Short web captions:
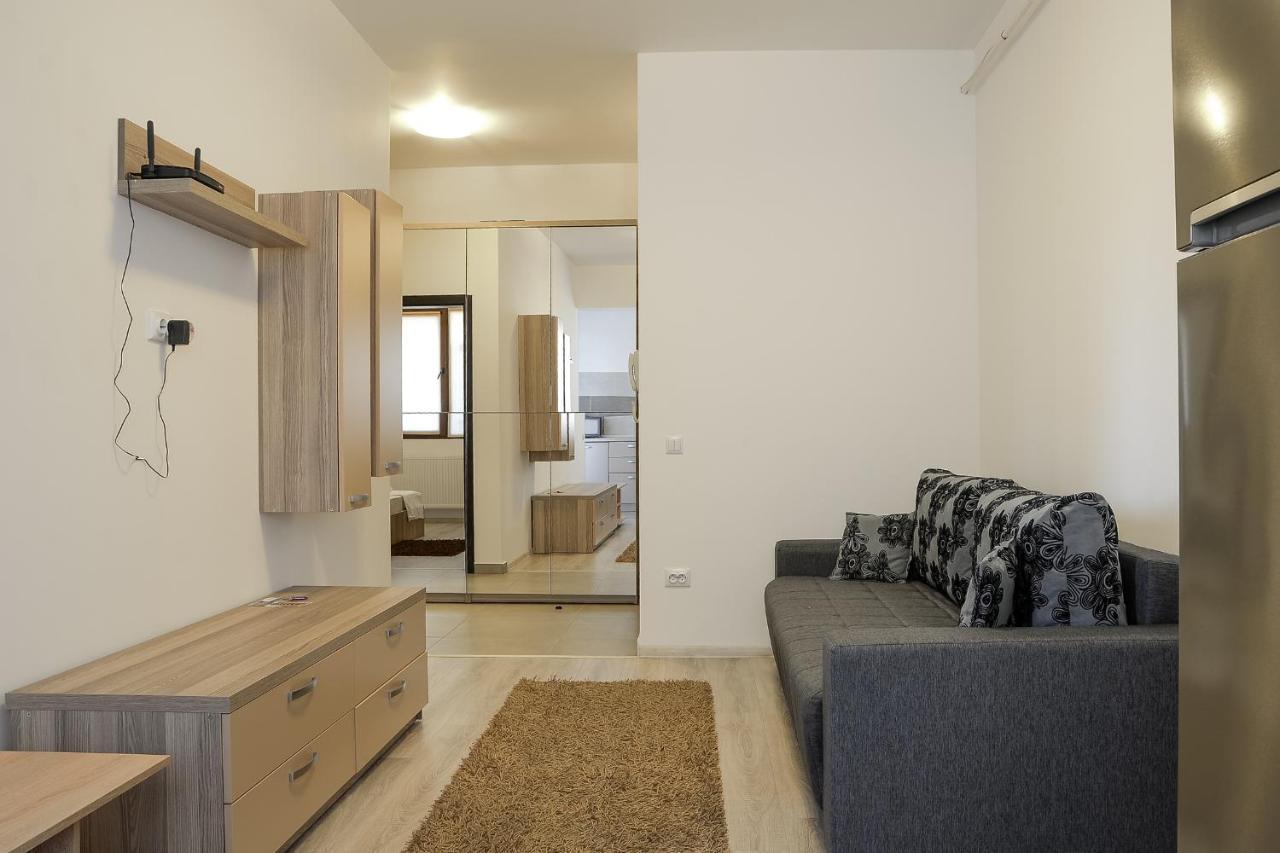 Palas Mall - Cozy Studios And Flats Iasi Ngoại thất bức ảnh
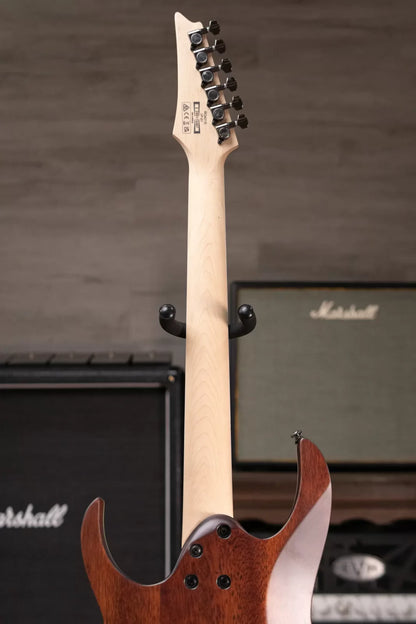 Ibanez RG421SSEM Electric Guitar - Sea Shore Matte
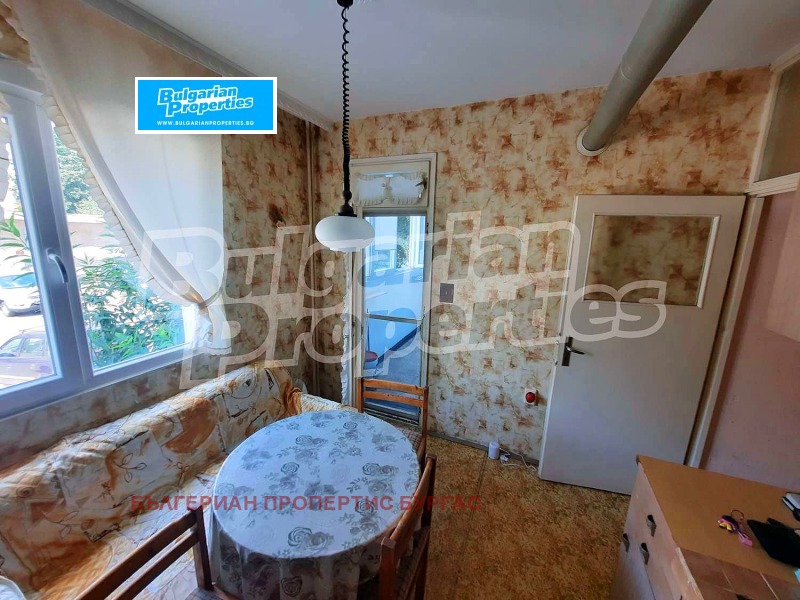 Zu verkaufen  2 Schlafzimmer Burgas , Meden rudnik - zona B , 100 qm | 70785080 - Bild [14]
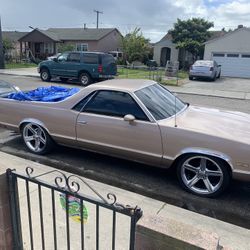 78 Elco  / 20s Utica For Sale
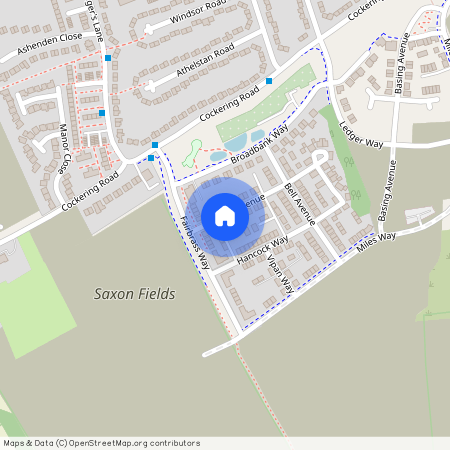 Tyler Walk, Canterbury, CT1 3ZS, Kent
---
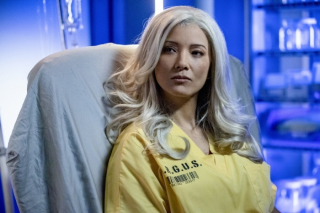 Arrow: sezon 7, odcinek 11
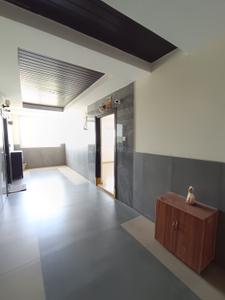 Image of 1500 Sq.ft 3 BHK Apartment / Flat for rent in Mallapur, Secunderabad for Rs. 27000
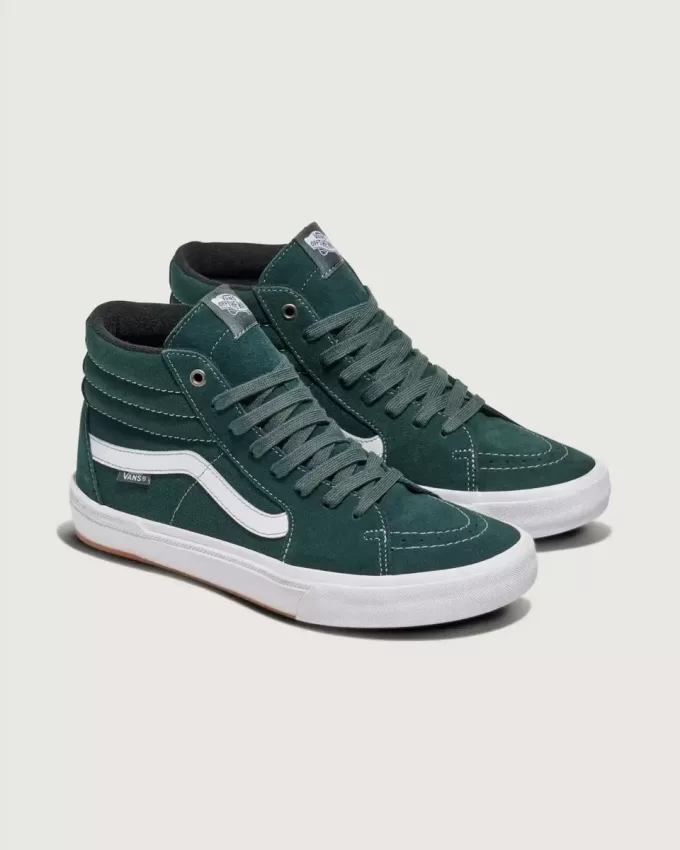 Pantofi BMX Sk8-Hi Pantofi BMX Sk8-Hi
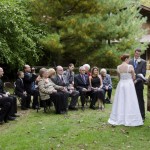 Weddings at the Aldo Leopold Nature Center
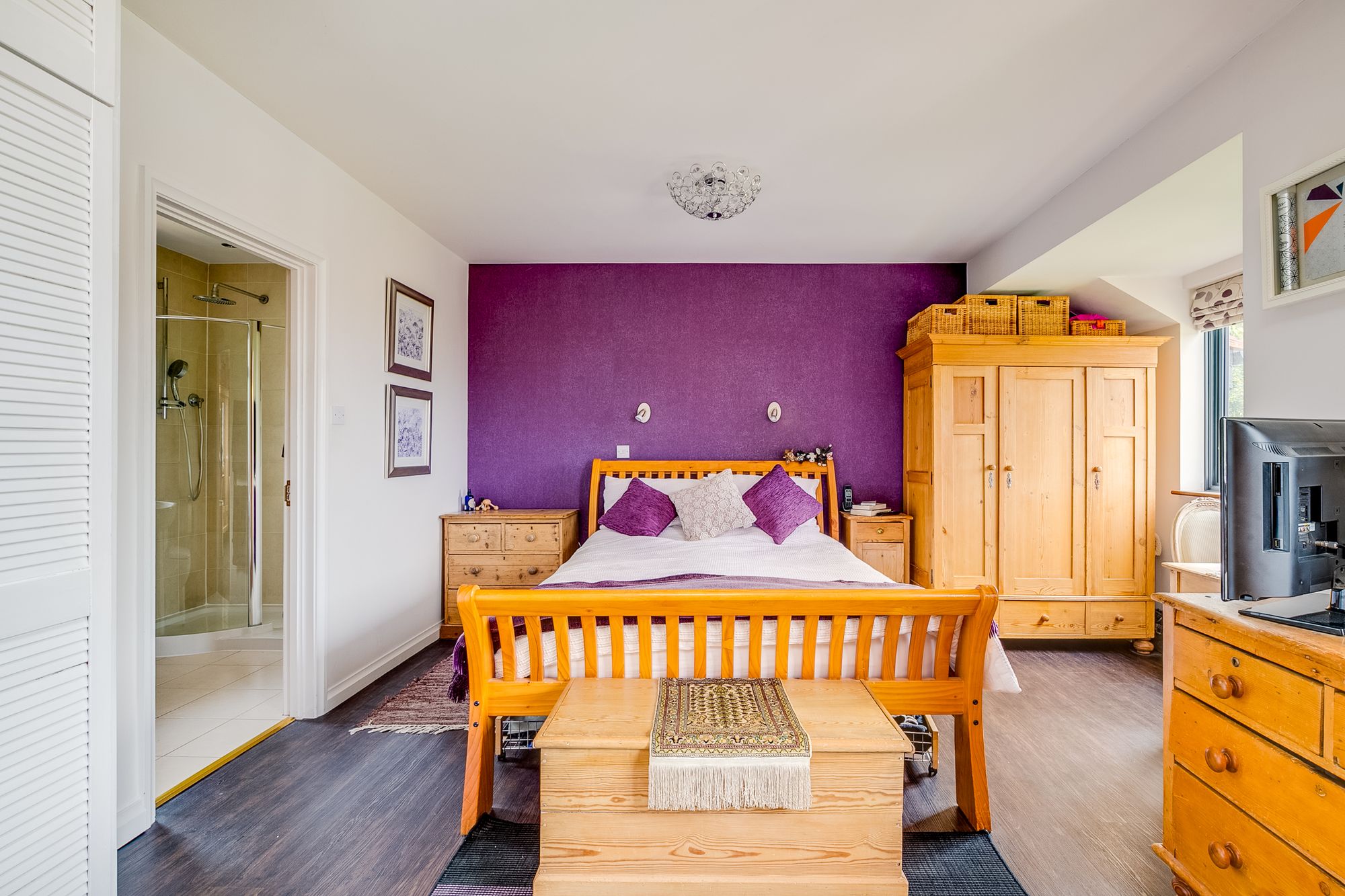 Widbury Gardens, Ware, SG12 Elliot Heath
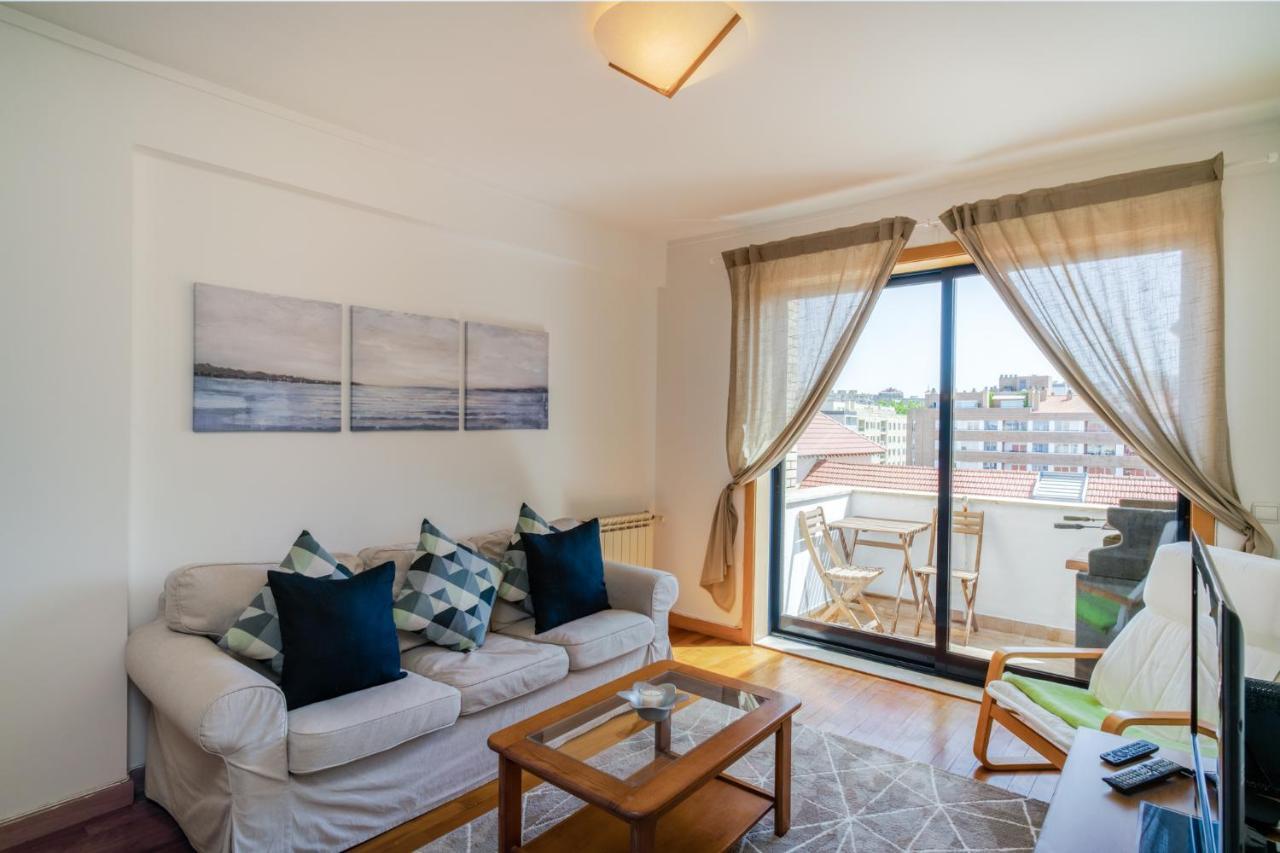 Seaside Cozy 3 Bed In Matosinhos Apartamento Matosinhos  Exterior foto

▸ **TASK TO CARRY OUT**
Starting at the line containing "Palas Mall - Cozy" and stopping at the line containing "Tyler Walk, Canterbury, CT1 3ZS, Kent", output each line exactly as it appears above. Leave out the pictures.

▸ **RESULT OF THIS TASK**
 Palas Mall - Cozy Studios And Flats Iasi Ngoại thất bức ảnh
 Ibanez RG421SSEM Electric Guitar - Sea Shore Matte
 Zu verkaufen  2 Schlafzimmer Burgas , Meden rudnik - zona B , 100 qm | 70785080 - Bild [14]
 78 Elco  / 20s Utica For Sale
 Tyler Walk, Canterbury, CT1 3ZS, Kent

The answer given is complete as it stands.